However, those champions of 'freedom of expression' don't seem to be too worried about being the next targets of Muslim rage; after all, Charlie Hebdo survived a firebombing of its offices last November over the "Charia Hebdo" edition. If you recall, that was the one "guest edited" by the "Prophet Mohammed", and captioned with "100 lashes if you don't die of laughter." Well, we all know there is no humor in Islam, or at least its adherents are sorely lacking.
Naturally, everyone is panicking in that country- considering the amount of disenfranchised, unemployed Muslim youth just waiting for an excuse to rampage.
Jean-Marc Ayrault, the prime minister, issued a statement expressing his "disapproval of all excesses."
The magazine's editor, originally a cartoonist who uses the name Charb, denied he was being deliberately provocative at a delicate time.
"The freedom of the press, is that a provocation?" he said. "I'm not asking strict Muslims to read Charlie Hebdo, just like I wouldn't go to a mosque to listen to speeches that go against everything I believe."
Muslim leaders have also piped in, not that anything they might say will change the minds of those hell bent on revenge.
Dalil Boubakeur, the senior cleric at Paris's biggest mosque, appealed for France's four million Muslims to remain calm.
"It is with astonishment, sadness and concern that I have learned that this publication is risking increasing the current outrage across the Muslim world," he said.
"I would appeal to them not to pour oil on the fire."
France's Muslim Council, the community's main representative body, also appealed for calm in the face of "this new act of Islamaphobia."

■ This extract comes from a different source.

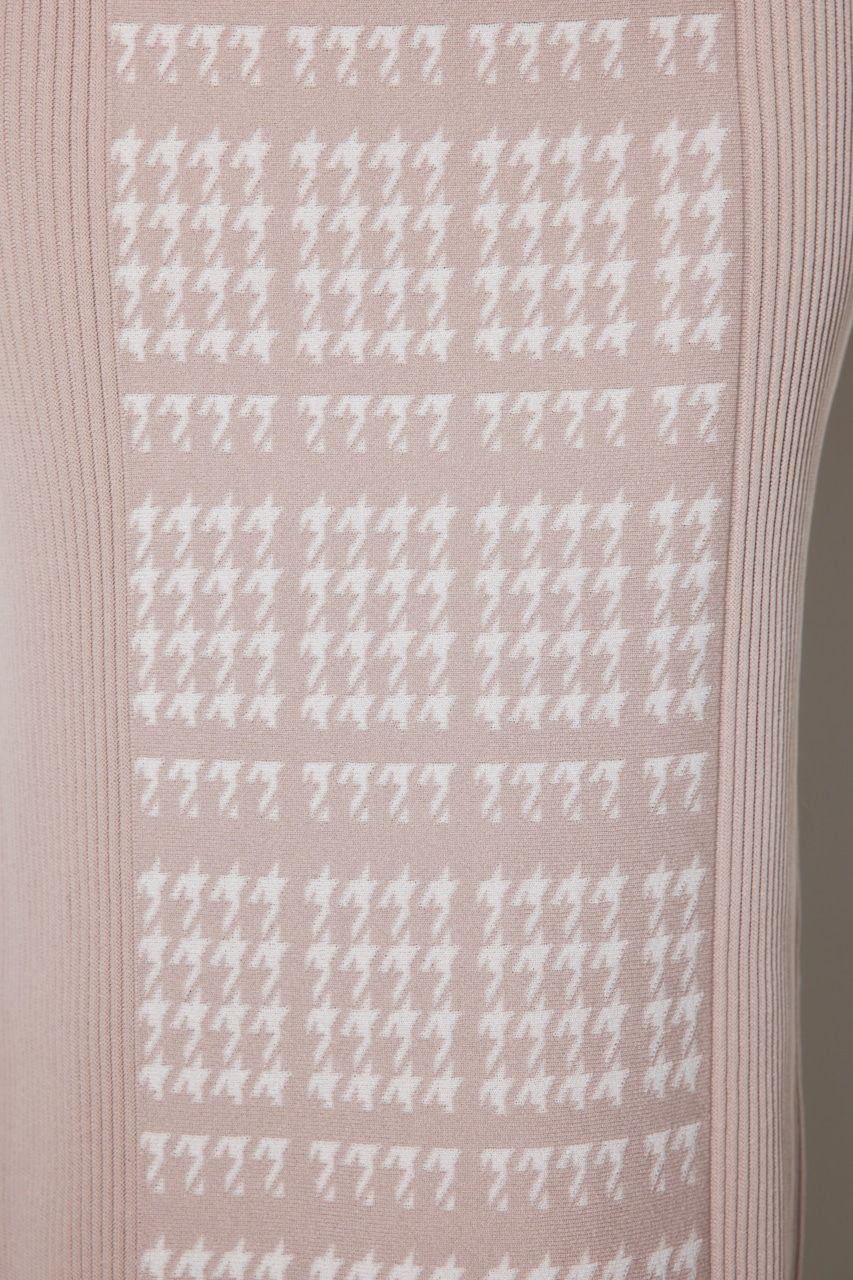 バイタリティーワンド 394565 イイとこ取りほうき ハイブリッドタイプ スタンド型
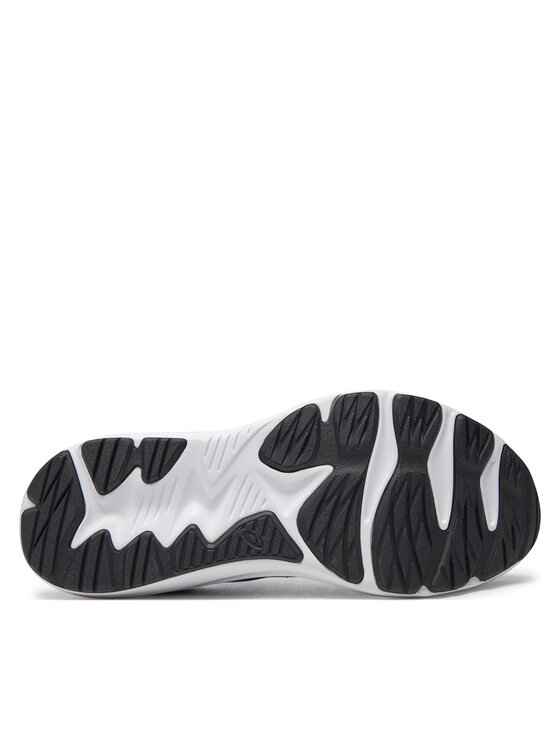 Asics Asics Buty do biegania Jolt 4 1011B603 Niebieski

Muslim leaders need to control their wayward followers, and not simply try to appease them.
In the meantime, I'll be waiting for the news about the angry mobs taking to the streets in France.
UPDATE 9/19/12: Here is one of the cartoons published on the front of Charlie Hebdo.
The cover of Charlie Hebdo (seen above) shows a Muslim in a wheelchair being pushed by an Orthodox Jew under the title Intouchables 2, referring to an award-winning French film about a impoverished black man who helps an aristocratic quadriplegic. Another cartoon on the back page of the weekly magazine shows a naked Mohammed exposing his backside to a film director.
Asked if it was a provocation, Editor Stephane Charbonnier said:
“The freedom of the press, is that a provocation? I’m not asking strict Muslims to read Charlie Hebdo, just like I wouldn’t go to a mosque to listen to speeches that go against everything I believe.”
Many people do. But as Charbonnier says, if you are offended by something just turn your head. No-one is forcing you to watch or read something you might find offensive.